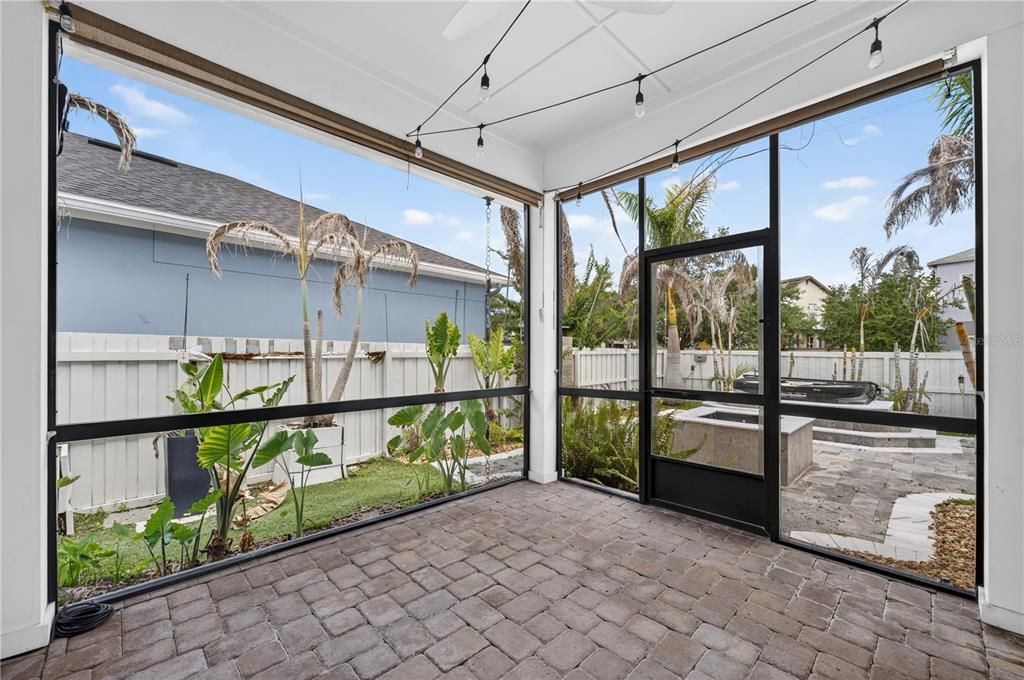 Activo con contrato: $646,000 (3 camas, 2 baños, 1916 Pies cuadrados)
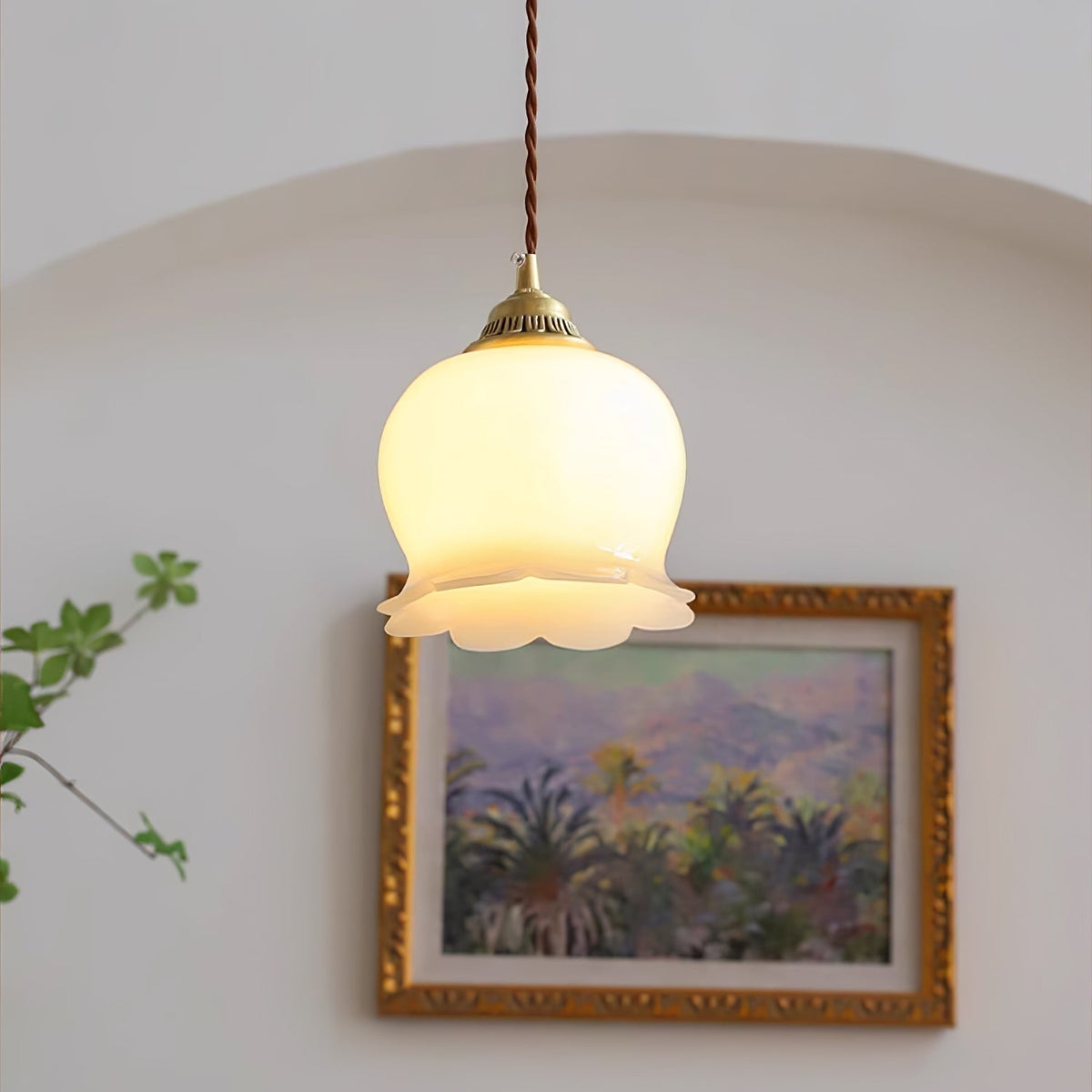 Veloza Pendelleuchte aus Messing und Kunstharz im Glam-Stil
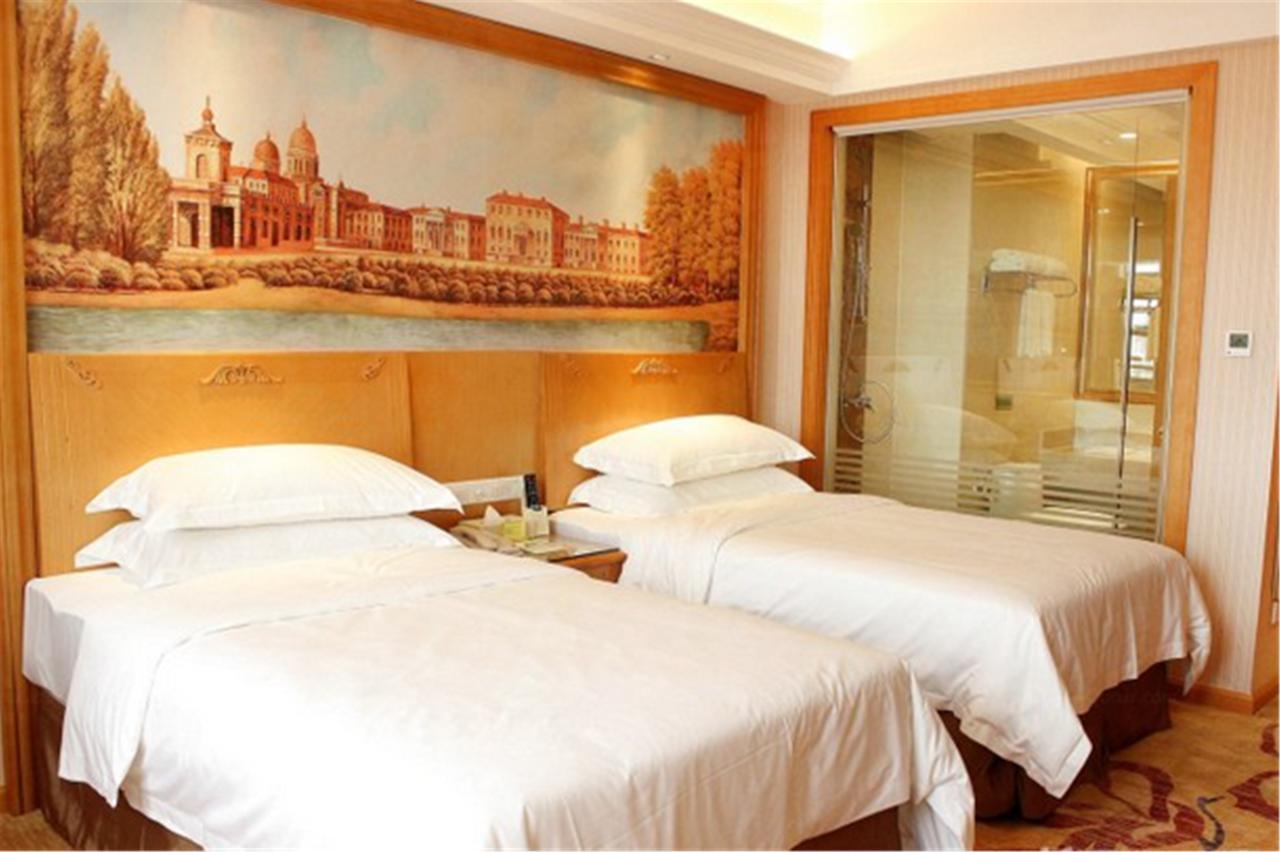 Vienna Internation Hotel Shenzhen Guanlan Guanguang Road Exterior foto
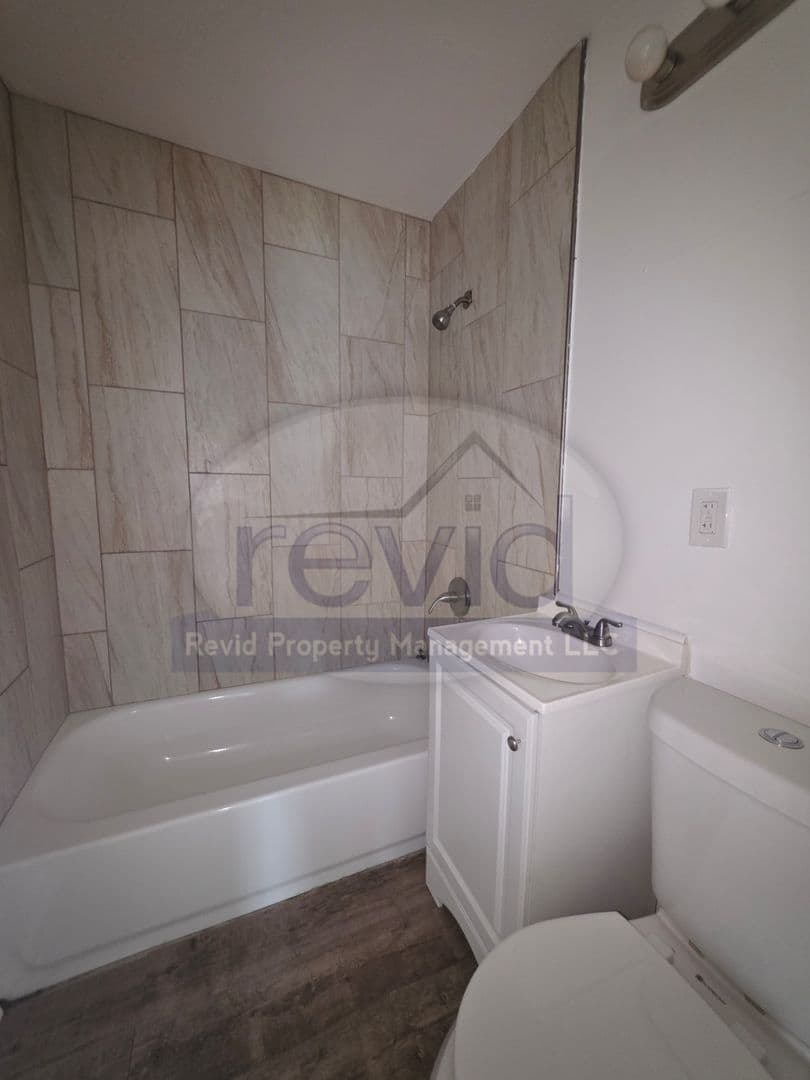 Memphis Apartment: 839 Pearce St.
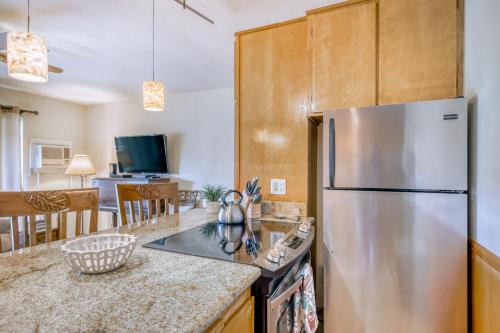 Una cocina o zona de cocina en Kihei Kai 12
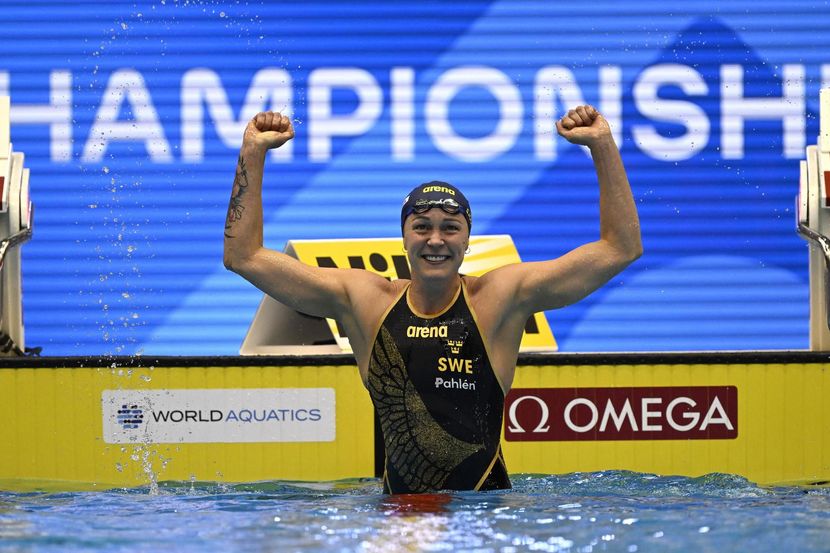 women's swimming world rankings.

▶ **Exercise**: Please reproduce every record exactly, leaving the pictures out.

▶ **Solved problem**:
 Activo con contrato: $646,000 (3 camas, 2 baños, 1916 Pies cuadrados)
 Veloza Pendelleuchte aus Messing und Kunstharz im Glam-Stil
 Vienna Internation Hotel Shenzhen Guanlan Guanguang Road Exterior foto
 Memphis Apartment: 839 Pearce St.
 Una cocina o zona de cocina en Kihei Kai 12
 women's swimming world rankings.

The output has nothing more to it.